This particular indicator does measure the equilibrium relationship that exist between workforce and jobs. It does not use any data that we do not already have - it simply formats it differently. Since it is seasonally adjusted by comparing like periods - I find that useful. It also takes a longer view.

I know that Kate and I welcome new ideas. I am a bit obtuse at times so you may need to draw me a picture or two before I get it.

I am always curious about how the consumer behaves. The vicissitudes are complex but fun to study as long as it is studied with the understanding that we may not be actually studying anything meaningful. One of the reasons for the decline in sales tax has been a shift in local spending patterns. In reviewing about a dozen years of State of Colorado Department of Revenue data that about 35% to 37% of retail sales were for items that were not subject to sales tax.

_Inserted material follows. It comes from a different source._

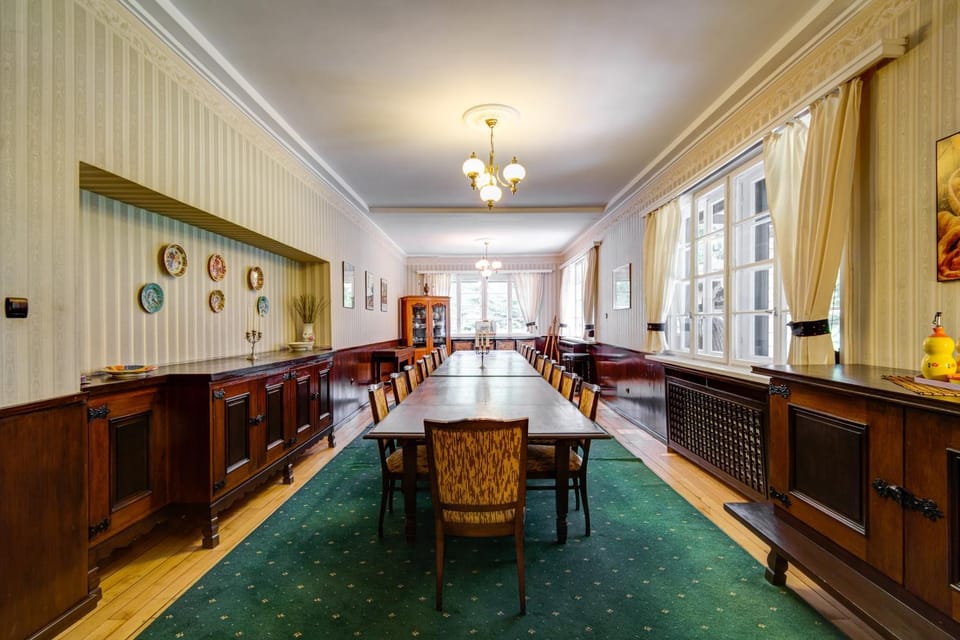 Meeting/conference room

The lion's share of this slice of the pie is likely groceries. Beginning in October 2008 until 2009 this slice not subject to sales tax grew to 45% to 47%. Most likely because ourselves and our visitors to a lesser degree stop going out to eat. I know this is true in my family. Simply put it is far cheaper to eat at home than it is to go out. We reserve going out now only for special occasions; not because I just did not want to cook. I think this pattern of 45% to 47% will remain for a very long time.


JLM 6 years, 3 months ago

The local economy is not a "help, I've fallen down and can't get up" kind of problem.

It is a "help, I've fallen down and now I need to learn how to crawl" kind of problem.

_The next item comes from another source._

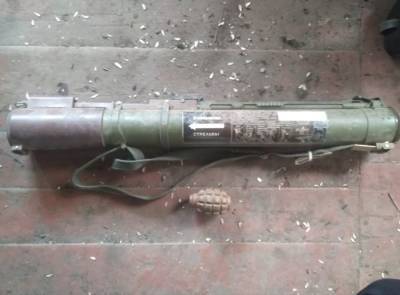 Хранил дома: на Луганщине у мужчины изъяли гранатомет и гранату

The economy has fallen down at least two curves on a parallel family of curves and is not going to improve materially for a considerable period of time.


Scott Wedel 6 years, 3 months ago

Scott F. I think the far more relevant employment chart would be a simple chart that had two lines: A) the total number of jobs and B) the total number unemployed. That would clearly show job growth/decline which is a good indicator of economic growth and unemployment which shows the job market.

That chart contains the raw data of the "Economic Stress" chart so it suffers from the same limitations of timeliness and accuracy of the data, but it has the benefit of not being processed into a ratio and so still the actual size of each can still be shown.

The key sentence of my criticism of the ratio is "This measurement only makes sense if you assume there is no migration of people into or out of the area due to the economic situation". The reason that is the key sentence is because the jobs ratio measurement is designed to compensate for changes in the size of the workforce when comparing economies and thus allow compare countries with a growing workforce vs ones with static or even declining workforce (ie Japan).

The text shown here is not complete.